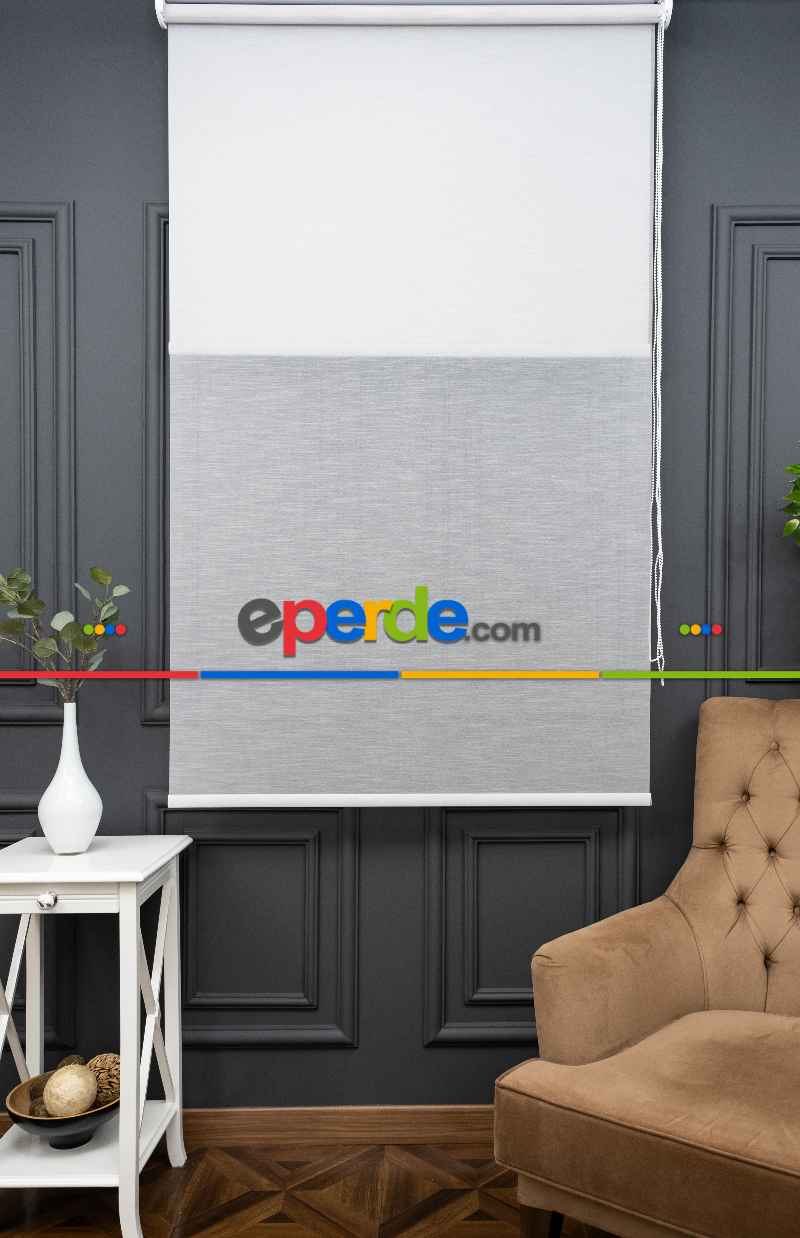 Foldet Keten Tül Ekru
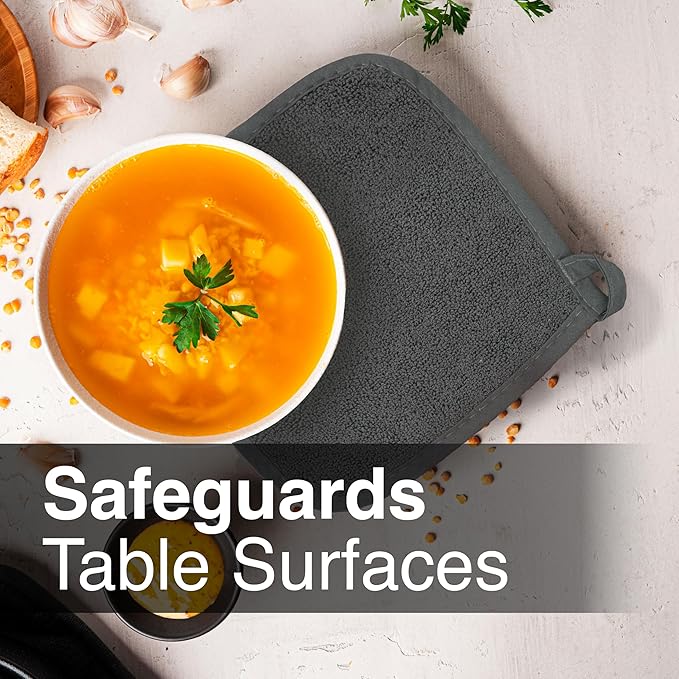 RITZ Terry Potholder & Hot Pad: Unparalleled Heat Resistant, Durable 100% Cotton – Ergonomically Designed for Optimal Grip – Easy-Care Machine Washable – 2-Pack, Graphite - Image 4
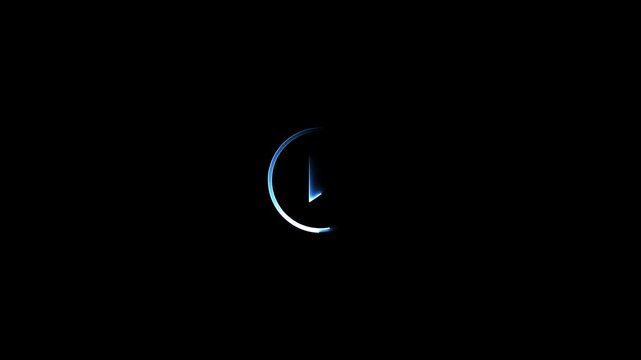 A Neon light circular play button icon on a black background, featuring a bold white outline circle with a white right-pointing triangular play symbol in the center.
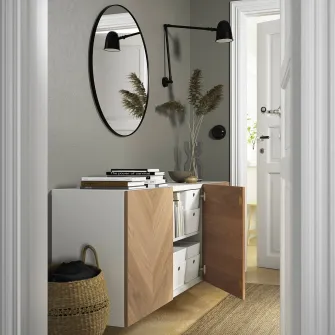 IKEA BESTÅ Combinatie corp suspendat, alb/Hedeviken frnr stjr, 180x42x64 cm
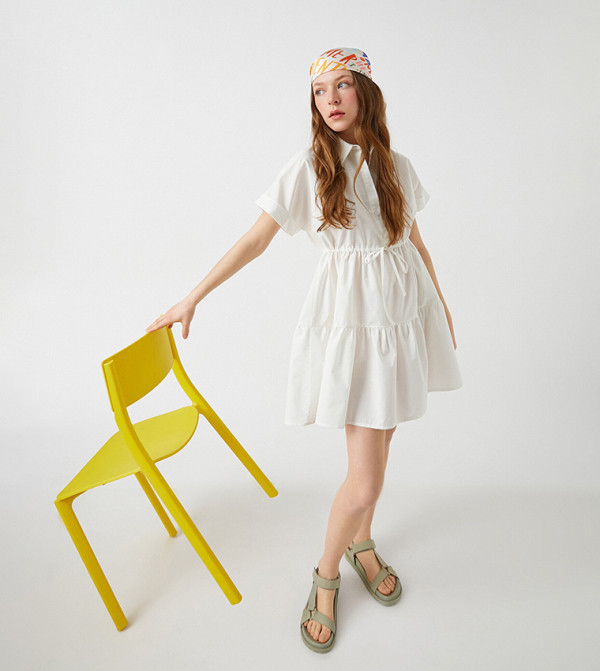 Solid Short Sleeves Shirt Mini Dress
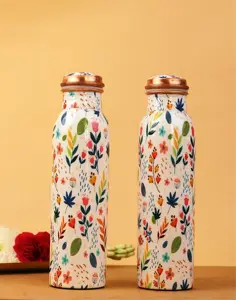 Modern Botanic Print Copper Bottle 750 ML Zinger Art Home Copper Water Bottle Personalized Handmade Gift Moradabad Handicraft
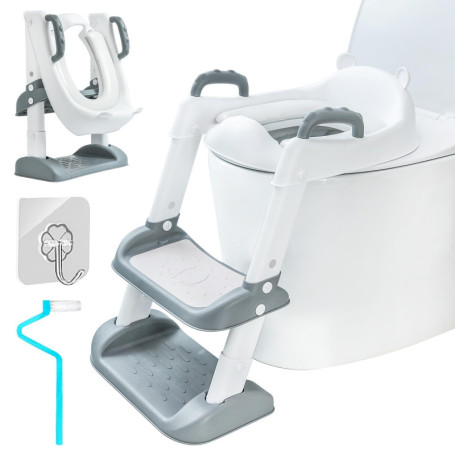 UCAMP Reducteur Toilette Enfant,Réducteur WC avec Marches,Rehausseur Toilette Enfant avec PU-Coussin,Siège de Toilette Enfant Ré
_ _ _ _ _ _ _
• WHAT YOU WILL DO:
Transcribe each of the records above precisely, with no pictures in the copy.

• EXPECTED ANSWER:
 Foldet Keten Tül Ekru
 RITZ Terry Potholder & Hot Pad: Unparalleled Heat Resistant, Durable 100% Cotton – Ergonomically Designed for Optimal Grip – Easy-Care Machine Washable – 2-Pack, Graphite - Image 4
 A Neon light circular play button icon on a black background, featuring a bold white outline circle with a white right-pointing triangular play symbol in the center.
 IKEA BESTÅ Combinatie corp suspendat, alb/Hedeviken frnr stjr, 180x42x64 cm
 Solid Short Sleeves Shirt Mini Dress
 Modern Botanic Print Copper Bottle 750 ML Zinger Art Home Copper Water Bottle Personalized Handmade Gift Moradabad Handicraft
 UCAMP Reducteur Toilette Enfant,Réducteur WC avec Marches,Rehausseur Toilette Enfant avec PU-Coussin,Siège de Toilette Enfant Ré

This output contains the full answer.